Why are there AIP usage limits?

  • First, there is significant variance in the offering of different providers in terms of TPM, RPM, and regional availability. While AIP does leverage the capacity of all providers, Palantir cannot bypass limitations imposed by the various cloud service providers.
  • On top of that, LLM capacity provided to a customer by Palantir has a high bar of compliance requirements compared to the common offering from most providers. Palantir guarantees zero data retention (ZDR) and control over routing of data to specific regions (geo-restriction).
  • Direct OpenAI does not yet support geo-restriction for AIP. This means that for example, OpenAI cannot guarantee that requests are routed to the EU and stay in the EU. Requests might be processed in data centers in America, Asia, Africa, or Europe - which gives OpenAI much more flexibility and a much larger pool of capacity to work with.
    • AIP customers with no geo-restriction can use this large pool of capacity. An upgrade to the XL tier is available for users with higher usage levels.
    • Certain capabilities are still unavailable, such as batch API. Batch API supports processing billions of tokens within 24 hours, but requires storing data for that period, which fails Palantir’s compliance requirements.
  • Other providers, namely Azure OpenAI, AWS Bedrock, GCP Vertex and Palantir-hosted Llama and Mixtral models, all support geo-restrictions but also have much smaller LLM capacity guarantees for geo-restricted requests.
    • Securing capacity in a certain region is harder and often requires securing provisioned throughput, which is a monthly prepaid capacity guarantee that Palantir takes care of for its customers. This is often limited even on the providers’ side.
    • Certain models are still not widely available in certain regions, but Palantir has early access to them. This is the case with GPT models in the UK for example.
  • As mentioned above, our medium to XL tiers are enough for large scale production workflows. Contact Palantir Support to change your tier.

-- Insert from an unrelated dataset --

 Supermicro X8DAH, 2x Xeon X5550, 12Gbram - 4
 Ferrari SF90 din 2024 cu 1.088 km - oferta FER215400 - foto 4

Why is it not possible to reserve minimum guaranteed capacity for production use cases?

  • The capacity management problem consists of two separate challenges:
    • Maximum available capacity to unblock usage at scale: This is being solved by project rate limits.
    • Minimum reserved capacity to protect use cases in production and guarantee their success: We are currently developing a feature called “Reserved Capacity”. For details, contact Palantir Support.

What are the biggest obstacles to solving the capacity problem?

  • Geo-restriction is the strongest cause of capacity issues. If your enrollment is geo-restricted, and you are able to remove geo-restrictions from a legal perspective, you should work with your Palantir team to do so.
  • New models often have limited capacity in early stages. For example, this was true for GPT4-vision, GPT-o1, and later for Claude 3.5 Sonnet when it was first launched.
  • The capacity problem is much harder with large pipelines that run over many millions of items.